In culinary products, apart from extending the Maggi franchise through the launch of Cuppa Mania pre-cooked noodles, Maggi has also been extended into ready-to-cook products such as gravies.

Products such as these may attain critical mass as a larger proportion of FMCG sales happen through modern format stores and large retail chains. Unlike larger FMCG segments such as soaps or personal care products, Nestle’s businesses are marked by low competitive threat. Gujarat Cooperative Milk Marketing Federation (Amul) and Britannia are the only competitors in the dairy business and Hindustan Unilever and ITC in the foods business; even these companies don’t operate in exactly the same product segments as Nestle.

Margins to improve

Over the past four quarters, Nestle India has steadily maintained its topline growth at 22 per cent-plus levels, superior to most industry peers. In contrast to players such as Hindustan Unilever, this growth is driven more by underlying volume sales rather than price increases, though Nestle too has taken its share of price increases in the past two quarters.

Escalation in prices of key inputs — milk, coffee and vegetable oils — has kept margins under pressure over the past few quarters and prevented healthy topline growth from trickling down to profit growth. Growth in operating profits has decelerated from 34 per cent in the March quarter to a shade over 10 per cent in the September quarter. But the situation may now be set to change with the sharp moderation in global milk and vegetable oil prices.

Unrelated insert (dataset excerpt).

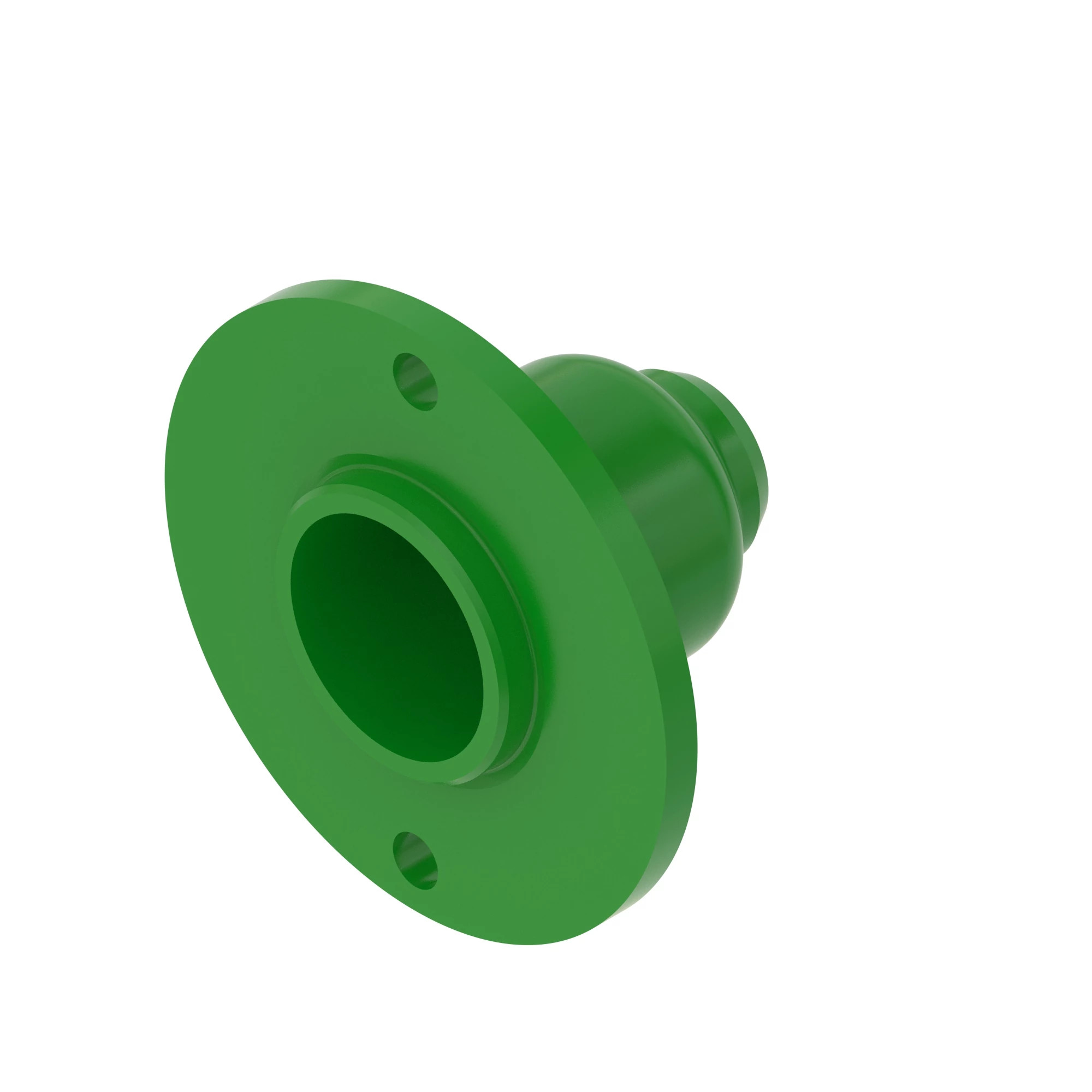 John Deere Hub - HXE104002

Global milk prices have halved from their July peak while vegetable oils too have corrected sharply. Global coffee prices have declined by close to 20 per cent from their early October peak. All this points to scope for significant margin expansion for Nestle over the coming quarters.

Risks

Items such as ‘impairment charges’ and ‘provision for contingencies’ have been a constant feature of Nestle India’s quarterly numbers over the past few years and tend to be wild cards in determining the profit performance. But the incidence of these charges has fallen significantly in 2008.

Nestle’s high tax incidence and rising dividend payouts infuse confidence in governance-related aspects. The company paid a dividend of Rs 30.5 per share in 2008, including a special dividend component of Rs 7.50 out of excess reserves accumulated in prior years.